→ **TASK INSTRUCTIONS**:
With the pictures left aside, write out exactly the lines of the listing below from the line with "Blush Liquide &" to the line with "Отель Carmel Valley", both included, and only those.

→ **RECORDS TO PROCESS**:
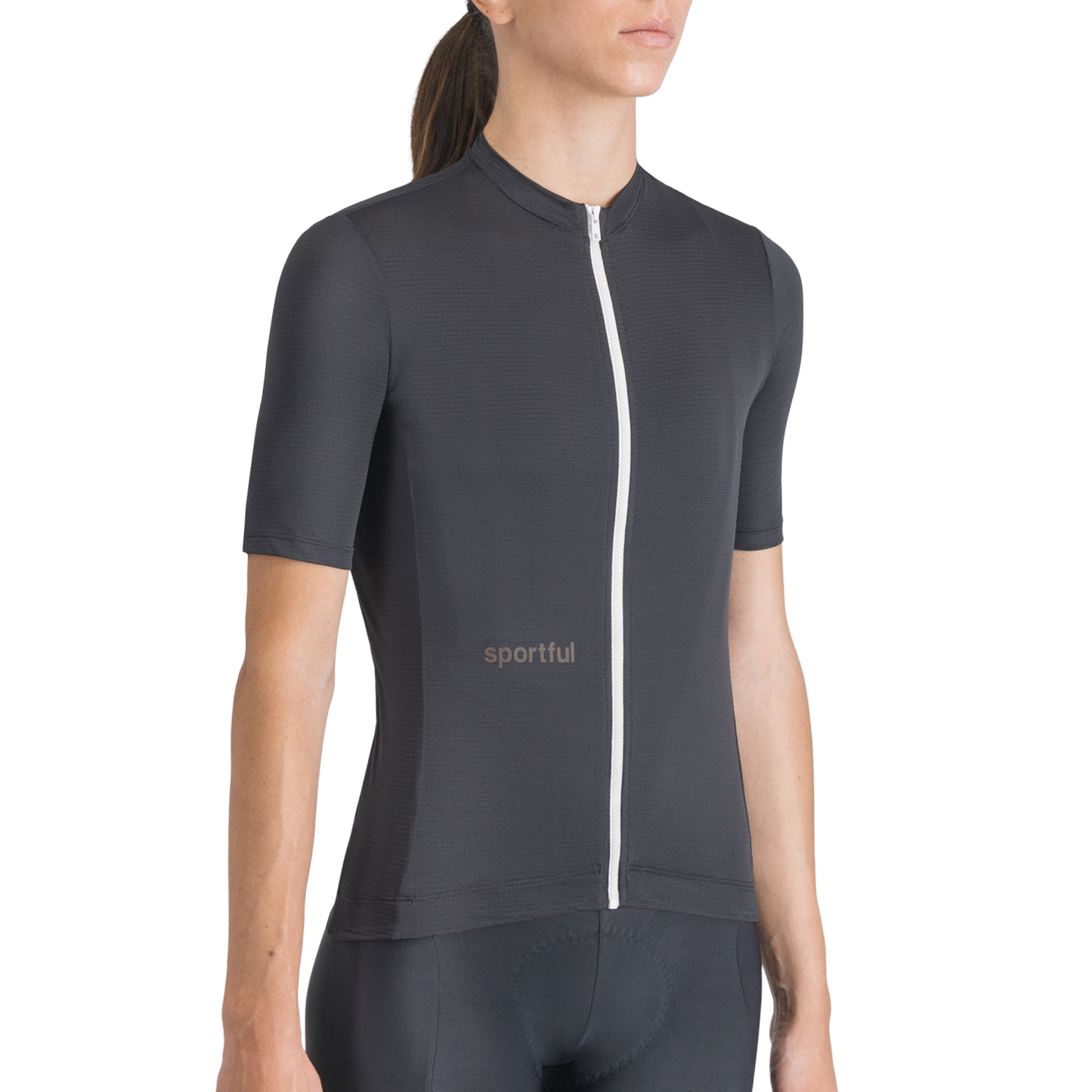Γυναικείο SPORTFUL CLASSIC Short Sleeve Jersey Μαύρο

---

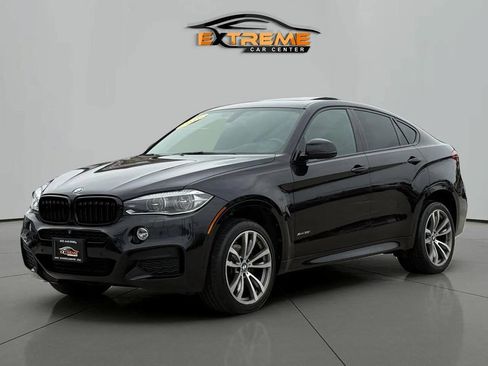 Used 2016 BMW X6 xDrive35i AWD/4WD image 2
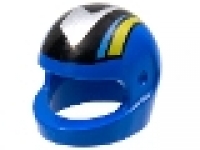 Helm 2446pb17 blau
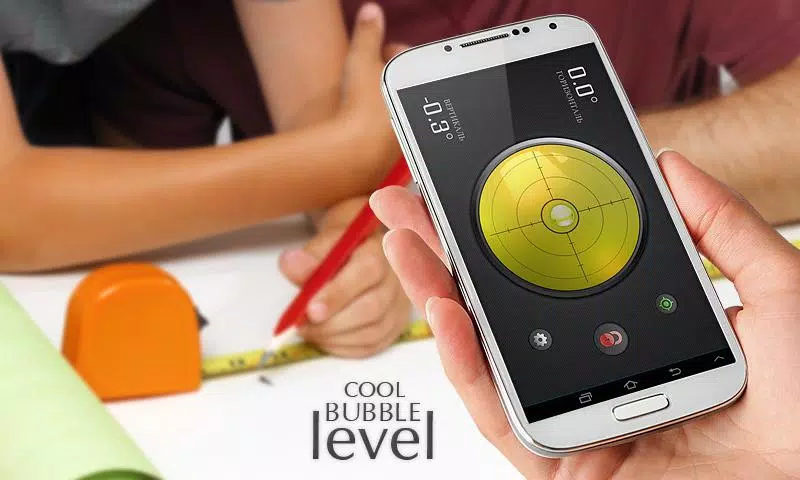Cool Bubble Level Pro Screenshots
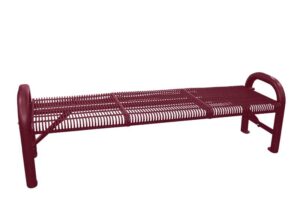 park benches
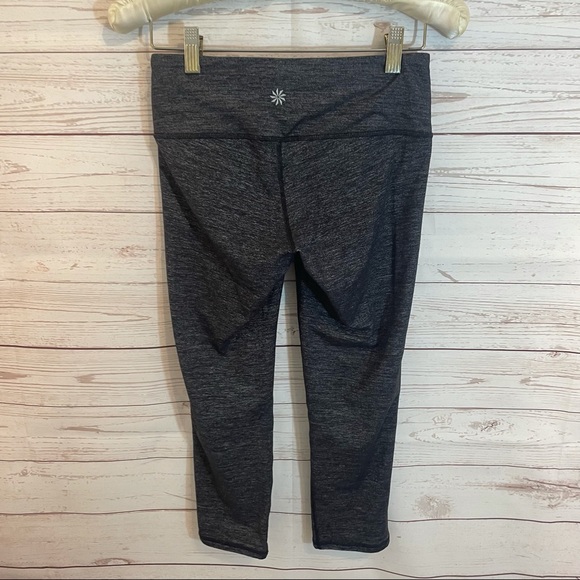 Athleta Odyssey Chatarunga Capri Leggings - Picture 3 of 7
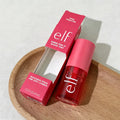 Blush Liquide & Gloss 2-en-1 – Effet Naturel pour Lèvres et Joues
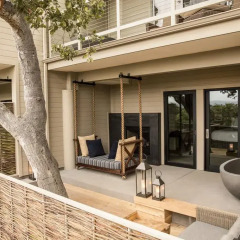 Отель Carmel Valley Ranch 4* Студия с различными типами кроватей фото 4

---

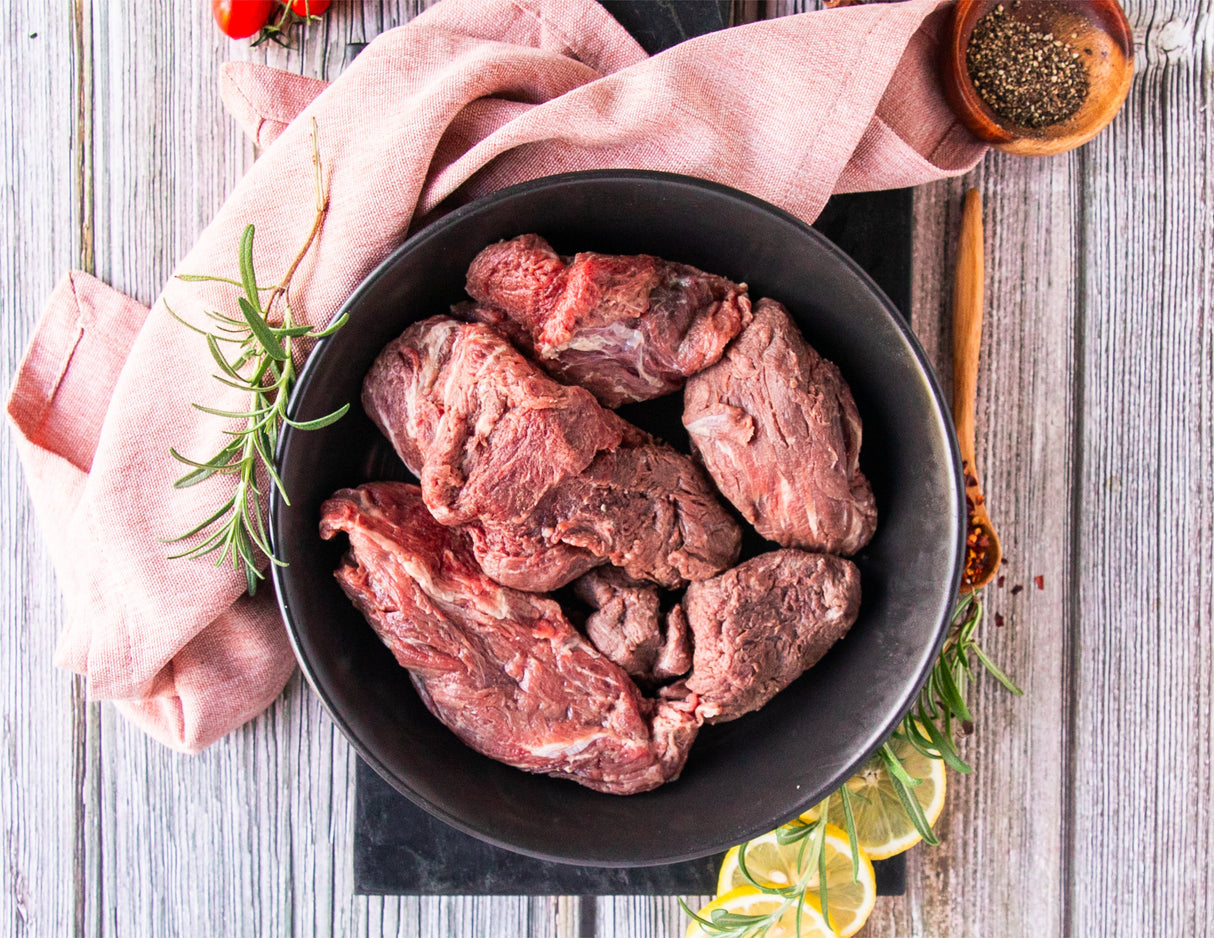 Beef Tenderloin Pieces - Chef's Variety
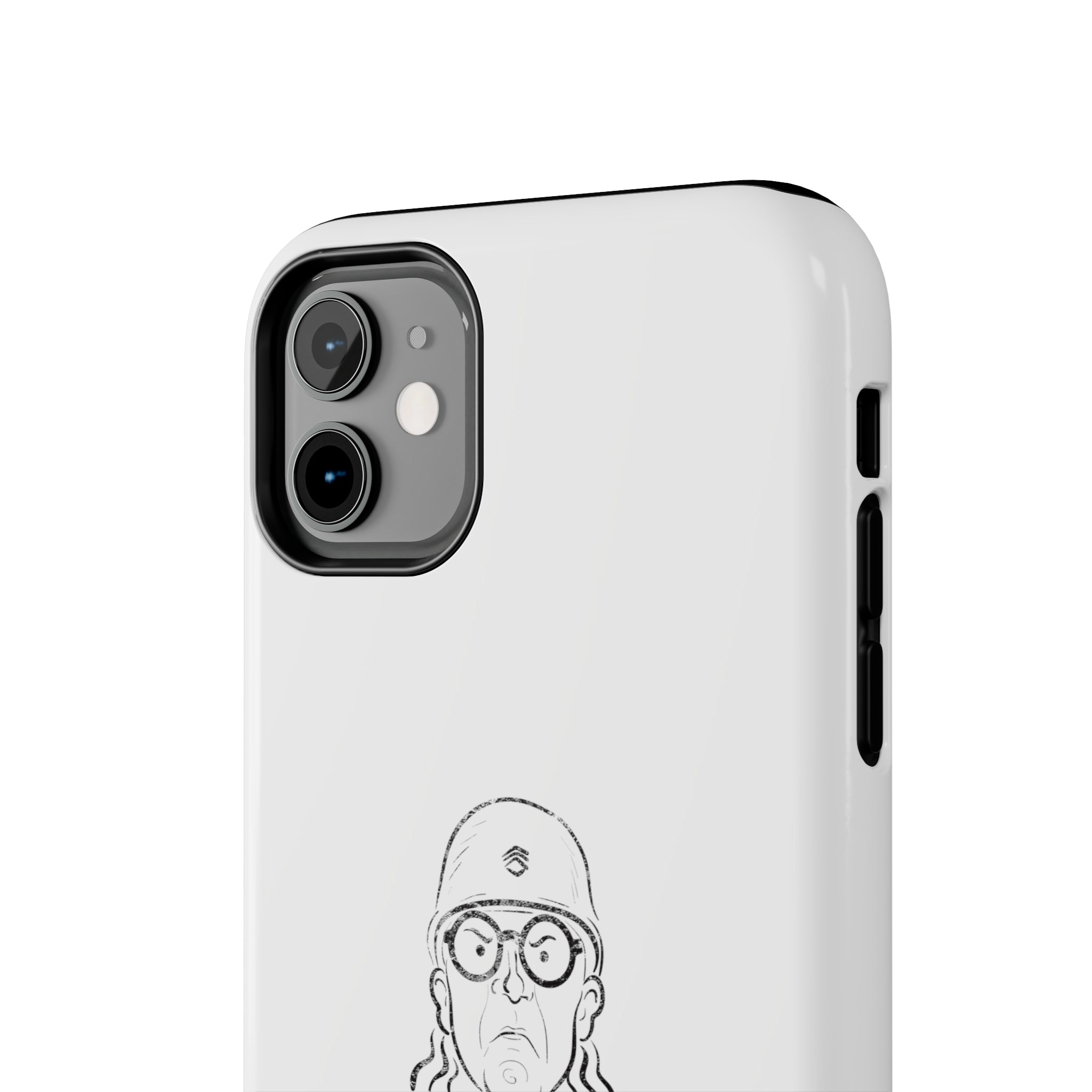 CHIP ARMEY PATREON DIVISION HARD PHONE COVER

→ **ANSWER**:
 Blush Liquide & Gloss 2-en-1 – Effet Naturel pour Lèvres et Joues
 Отель Carmel Valley Ranch 4* Студия с различными типами кроватей фото 4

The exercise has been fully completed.